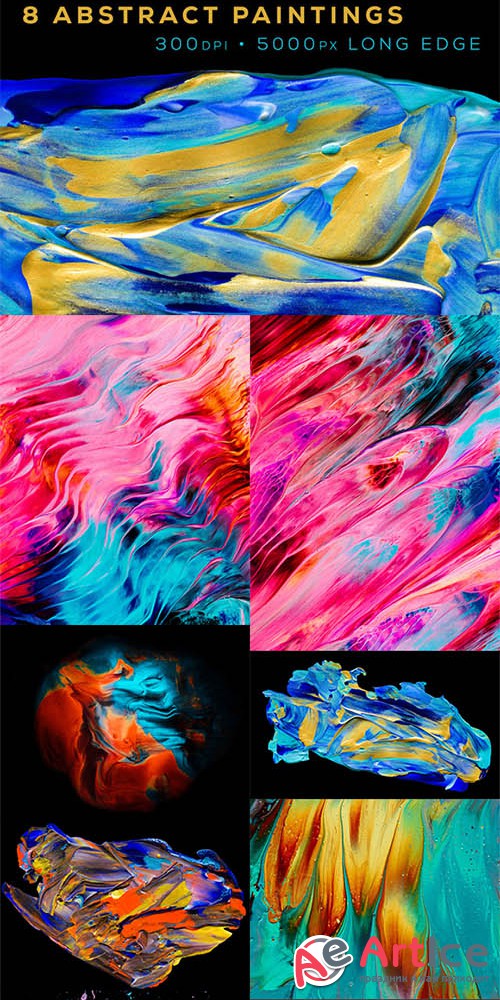 Abstract Paint, Vol 4 - Creativemarket 532984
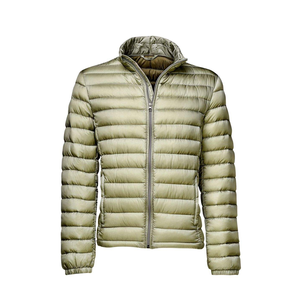 Nouveauté Behram International Veste matelassée sur mesure OEM écologique à fermeture éclair style streetwear d'hiver 100% polyester - Product Image 1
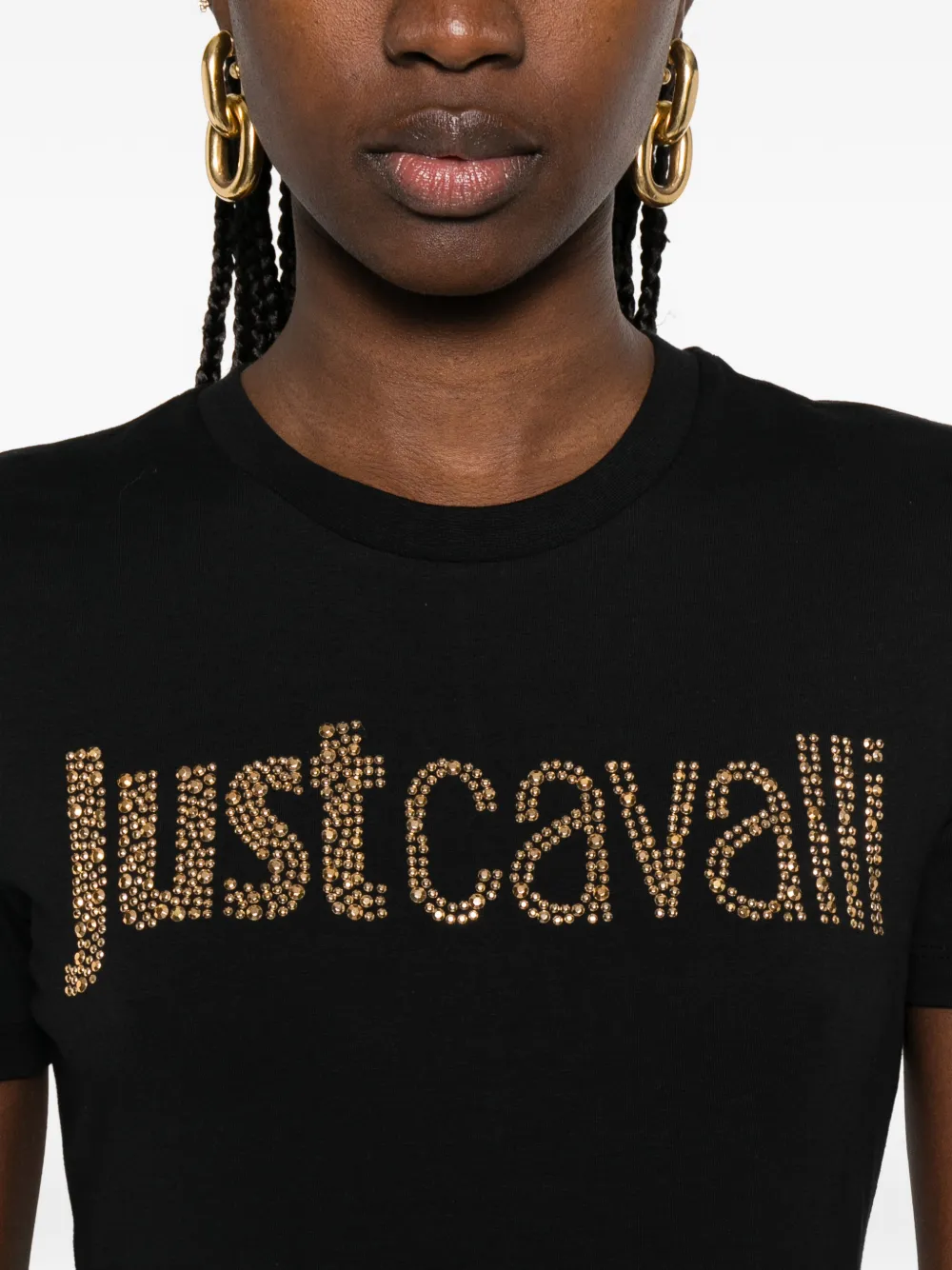 Just Cavalli Mini-jurk verfraaid met logo Zwart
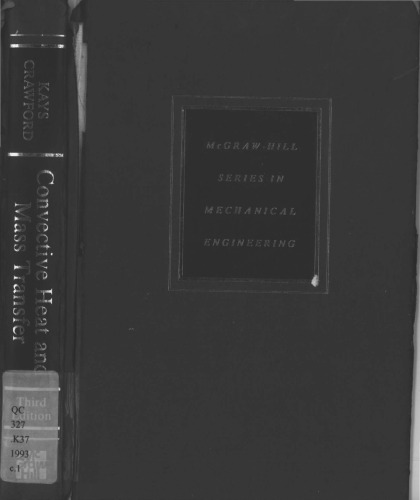 Convective heat and mass transfer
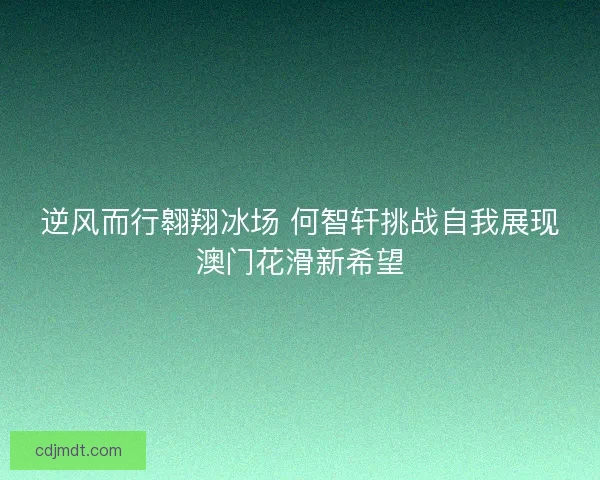 逆风而行翱翔冰场 何智轩挑战自我展现澳门花滑新希望 逆风而行翱翔冰场 何智轩挑战自我展现澳门花滑新希望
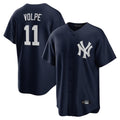Seanshop NY.Yankees #11 Anthony Volpe Player Navy Game Stitched Jerseys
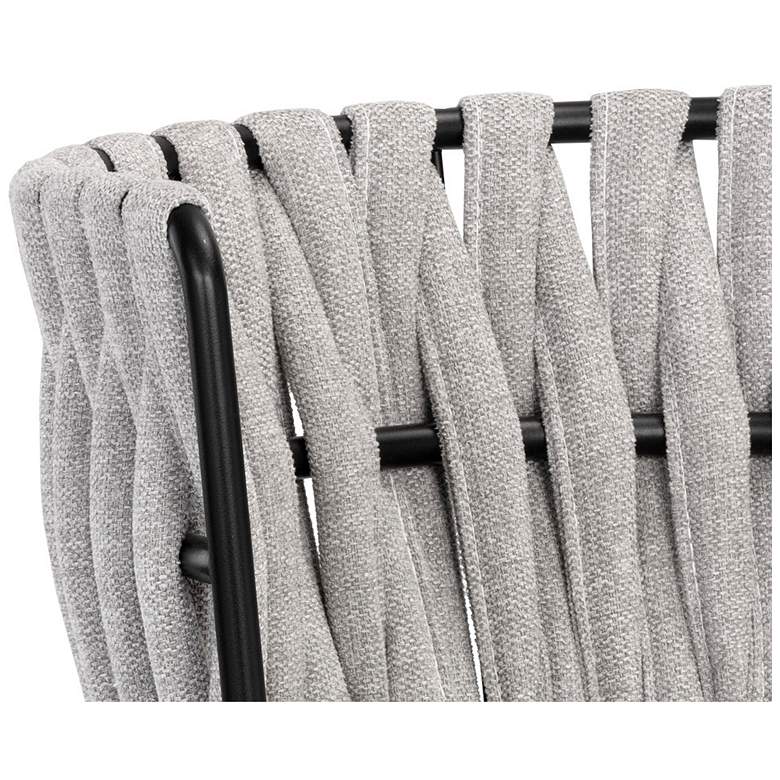 Image 7 Sunpan Sarai Dining Armchair Belfast Heather Gray more views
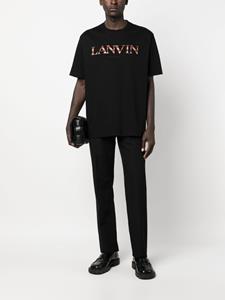 Lanvin embroidered logo T-shirt - Zwart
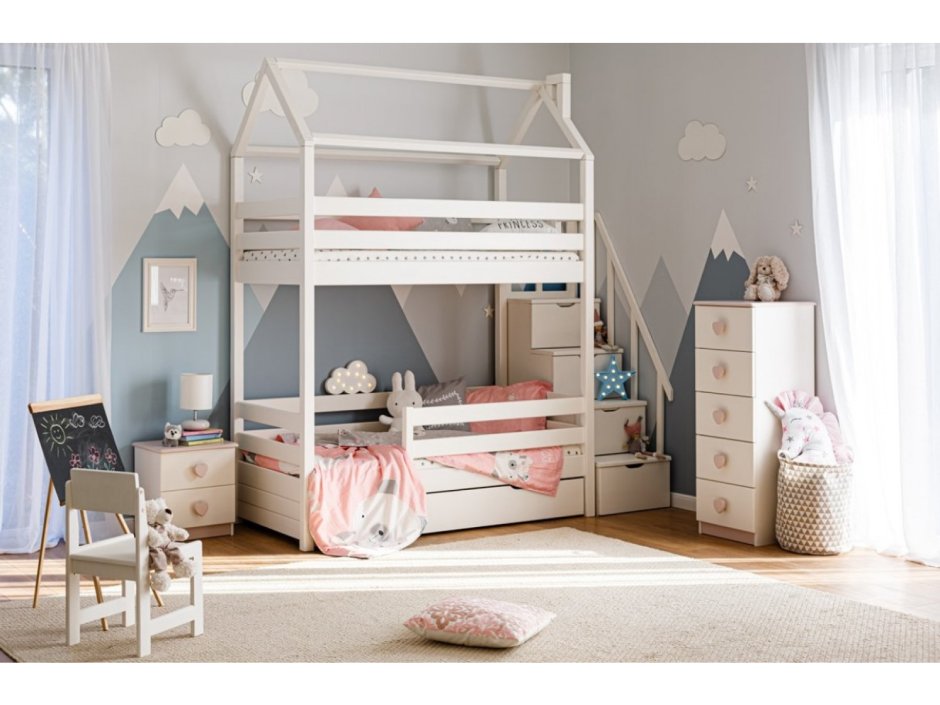 Двухэтажная кровать для детей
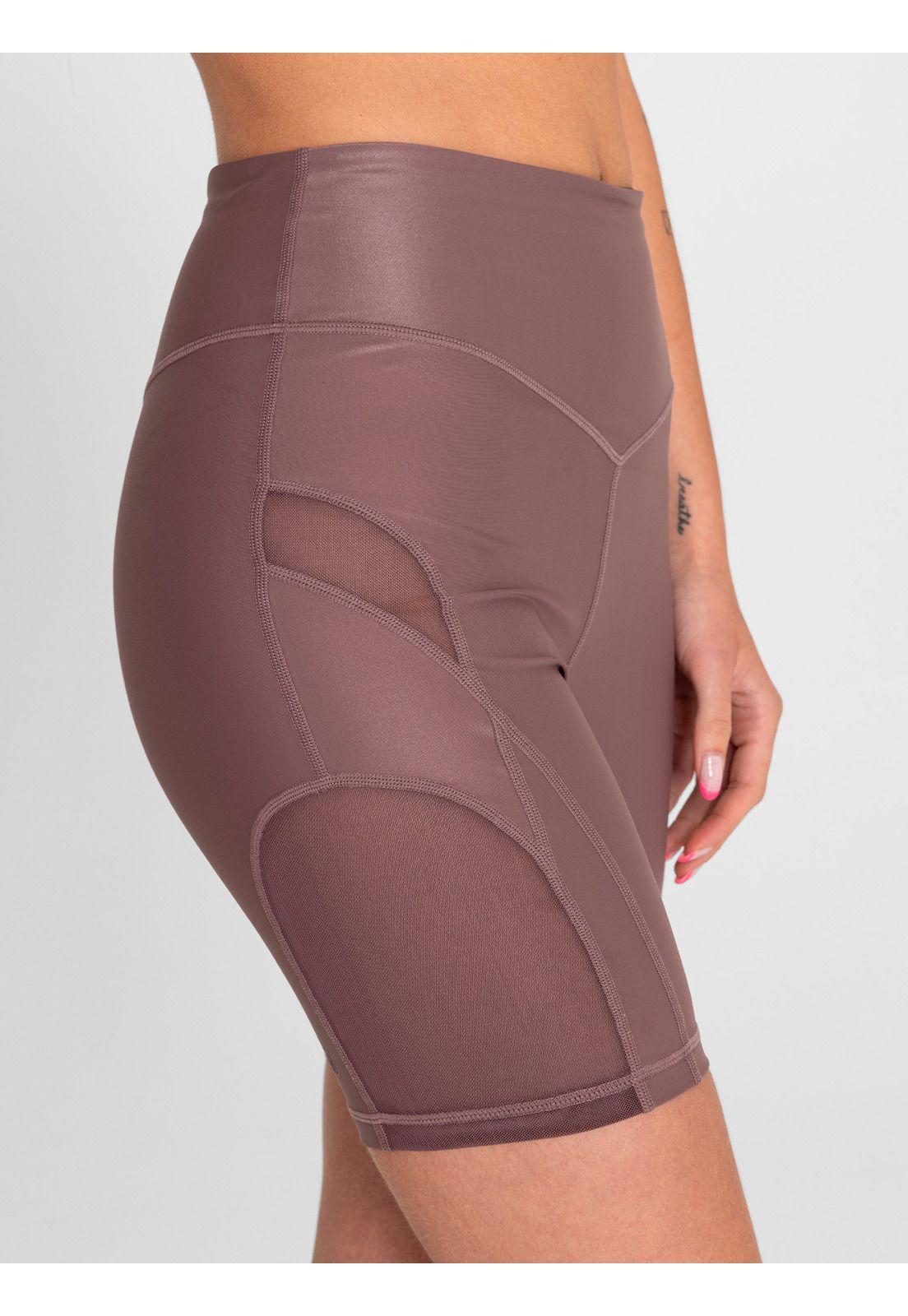 Calza Biker tiro alto HR SAINTMALĒ Marrón Mujer-4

---------------

Prompt = Set down the material exactly, every line of it, except for the pictures.

Solution to this problem =
 Abstract Paint, Vol 4 - Creativemarket 532984
 Nouveauté Behram International Veste matelassée sur mesure OEM écologique à fermeture éclair style streetwear d'hiver 100% polyester - Product Image 1
 Just Cavalli Mini-jurk verfraaid met logo Zwart
 Convective heat and mass transfer
 逆风而行翱翔冰场 何智轩挑战自我展现澳门花滑新希望 逆风而行翱翔冰场 何智轩挑战自我展现澳门花滑新希望
Seanshop NY.Yankees #11 Anthony Volpe Player Navy Game Stitched Jerseys
 Image 7 Sunpan Sarai Dining Armchair Belfast Heather Gray more views
 Lanvin embroidered logo T-shirt - Zwart
 Двухэтажная кровать для детей
 Calza Biker tiro alto HR SAINTMALĒ Marrón Mujer-4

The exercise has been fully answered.